Return the lines below that carry the word "Home".

[Opening Material for this exercise section]

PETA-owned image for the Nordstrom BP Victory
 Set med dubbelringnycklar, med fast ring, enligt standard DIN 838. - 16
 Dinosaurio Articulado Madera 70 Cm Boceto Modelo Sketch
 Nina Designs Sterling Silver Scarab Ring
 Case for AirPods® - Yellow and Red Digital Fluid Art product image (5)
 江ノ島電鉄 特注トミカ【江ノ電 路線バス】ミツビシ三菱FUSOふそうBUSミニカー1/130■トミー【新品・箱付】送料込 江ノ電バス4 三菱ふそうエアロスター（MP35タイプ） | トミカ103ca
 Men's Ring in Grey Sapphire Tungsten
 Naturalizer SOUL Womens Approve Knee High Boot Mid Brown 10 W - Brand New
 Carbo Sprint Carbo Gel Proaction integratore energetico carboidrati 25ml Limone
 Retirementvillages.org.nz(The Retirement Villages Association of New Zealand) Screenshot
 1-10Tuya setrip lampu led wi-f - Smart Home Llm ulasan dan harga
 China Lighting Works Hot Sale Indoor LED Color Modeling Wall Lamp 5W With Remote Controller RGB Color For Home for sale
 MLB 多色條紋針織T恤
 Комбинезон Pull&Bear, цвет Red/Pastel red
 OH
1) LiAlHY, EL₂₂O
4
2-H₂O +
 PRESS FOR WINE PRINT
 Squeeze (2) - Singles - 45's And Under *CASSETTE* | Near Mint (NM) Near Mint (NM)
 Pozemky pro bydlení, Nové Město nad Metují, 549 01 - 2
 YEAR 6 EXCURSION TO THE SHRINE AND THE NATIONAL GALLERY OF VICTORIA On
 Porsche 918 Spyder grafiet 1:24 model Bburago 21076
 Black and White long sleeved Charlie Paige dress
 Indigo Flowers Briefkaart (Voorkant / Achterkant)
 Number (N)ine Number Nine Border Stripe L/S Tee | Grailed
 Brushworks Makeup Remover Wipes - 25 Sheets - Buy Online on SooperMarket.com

[Closing Material for this exercise section]

> **Answer to this exercise**
 1-10Tuya setrip lampu led wi-f - Smart Home Llm ulasan dan harga
 China Lighting Works Hot Sale Indoor LED Color Modeling Wall Lamp 5W With Remote Controller RGB Color For Home for sale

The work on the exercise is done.